Email exchanges can give a lot away too. Watch out for emails where the French is badly written or when the language used is very formal and impersonal, because there is a chance a scammer is just copy-pasting lines from the internet to lure you in.

Here are our top tips to avoid scams:

Be suspicious

Especially if the landlord or departing tenant says they are abroad and are suddenly hard to contact, or someone else picks up the telephone on the number they gave you.

Be very suspicious if the landlord is ultra keen to rent to you. It's hard to find a flat in Paris and normally landlords are very picky, so there's no reason for them to be so keen to get you in.

If they try too much to reassure you that it's not a scam, it probably is.

The golden rule is: "If in doubt, walk out."

If it sounds too good to be true, it probably is

Sometimes, the scams are easy to spot. Websites such as Craigslist or Le Bon Coin have hosted many bogus adverts. If you see a flat for €600 a month for a three-bedroom apartment beside the Louvre, it is almost certainly not a legitimate  bargain, but a scam. If the pictures look straight out an IKEA catalogue that's s probably because they are. Dream flats do exist, but they come with a price tag . 

Take care to check out if the photos on the ad matches the text that goes with it. If they don't, the alarm bells should go off.

Have your wits about you

If the wording in the advert rings a fishy bell with you, it is probably a kipper. If some paragraphs are in perfect English, but others are in capital letters demanding you send your email address immediately, this is probably a fake ad. Do not send your email address. A good idea is to copy paragraphs directly into Google and you can see if they have been lifted from a real ad. 

Never wire money. Never ever (unless the contracts are signed)

This is a hard and fast rule, without exceptions. If you send money through Western Union or one of the other wire services, it's probably gone forever. Forget about getting it back. 

No good landlord would ask you to do this, but scammers often ask for deposit money to be wired even before you have seen the flat or signed a contract.

Check them out too

It is increasingly easy to find out if someone is real or using an anonymous email account. Google their name, if they give it to you. Try to speak to them over the telephone.

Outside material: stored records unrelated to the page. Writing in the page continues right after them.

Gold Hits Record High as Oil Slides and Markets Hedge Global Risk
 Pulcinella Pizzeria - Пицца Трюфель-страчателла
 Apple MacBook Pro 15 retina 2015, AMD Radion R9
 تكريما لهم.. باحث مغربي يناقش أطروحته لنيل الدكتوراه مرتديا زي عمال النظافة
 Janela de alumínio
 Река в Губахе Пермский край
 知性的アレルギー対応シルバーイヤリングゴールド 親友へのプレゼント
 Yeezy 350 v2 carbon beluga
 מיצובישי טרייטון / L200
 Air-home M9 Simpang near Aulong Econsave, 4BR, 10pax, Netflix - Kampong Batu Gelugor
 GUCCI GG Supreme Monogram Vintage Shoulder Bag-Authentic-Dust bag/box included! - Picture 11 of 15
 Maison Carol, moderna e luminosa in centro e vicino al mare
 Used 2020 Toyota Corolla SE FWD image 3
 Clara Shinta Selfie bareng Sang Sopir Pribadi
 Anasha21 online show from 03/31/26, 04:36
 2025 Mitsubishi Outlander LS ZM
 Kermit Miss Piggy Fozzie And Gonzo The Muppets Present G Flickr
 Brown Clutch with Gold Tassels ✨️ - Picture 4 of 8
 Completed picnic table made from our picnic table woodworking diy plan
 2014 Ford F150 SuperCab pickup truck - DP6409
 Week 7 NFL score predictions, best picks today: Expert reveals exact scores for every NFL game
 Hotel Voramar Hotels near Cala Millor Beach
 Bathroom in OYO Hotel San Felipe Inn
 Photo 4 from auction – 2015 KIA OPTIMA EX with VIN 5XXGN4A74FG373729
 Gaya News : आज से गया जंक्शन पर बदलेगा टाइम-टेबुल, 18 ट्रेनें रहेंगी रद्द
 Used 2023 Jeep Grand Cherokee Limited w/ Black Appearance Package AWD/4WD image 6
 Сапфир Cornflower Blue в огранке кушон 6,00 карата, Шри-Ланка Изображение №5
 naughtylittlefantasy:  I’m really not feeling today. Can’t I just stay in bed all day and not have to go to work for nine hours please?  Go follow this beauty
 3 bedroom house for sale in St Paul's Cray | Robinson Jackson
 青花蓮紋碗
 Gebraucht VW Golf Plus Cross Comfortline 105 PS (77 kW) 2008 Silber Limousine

Fraudulent renters often use and email addresses. Be sceptical if you can’t find anything about them. 

Maintain some privacy

Landlords will need to know details about you but they don’t need to know everything before they meet you. Do not give out any financial information to a stranger over the internet. 

Research the street

Look up other rentals in the area, compare prices. Maybe you are getting a real bargain, but landlords and owners are normally aware of property prices in the area and will set the price accordingly. 

If all the other two-bed apartments in that area are being rented out for €1700, it's unlikely you 'dream rental home' for €900 is real. Also, use Google maps to check the photographs. If there is a pic of a park out through the window and you can see there is no park in the vicinity, chances are the pics are fake.

Dossier don'ts

If you are going the official dossier route, the unbreakable rule is never, ever send it by email. If you do, you run a real risk of somebody stealing your identity and destroying your credibility and financial stability.

A giant alarm bell should ring if anyone asks you to email these documents, no reputable landlord or agent would. You must only ever hand them over in paper format to a person you have met, and consider trustworthy. This makes it difficult to find an apartment through a French agency before you arrive in Paris, but it is a crucial step. 

Don't send personal details before you have seen the flat. Fake landlords looking to con you and steal your identity might ask for bank statements, copies of ID cars, proof of address or payslips before you have even spoken to discuss a rendevous to see the flat. Don't hand over a singe sheet of paper until you are sure they're the real deal.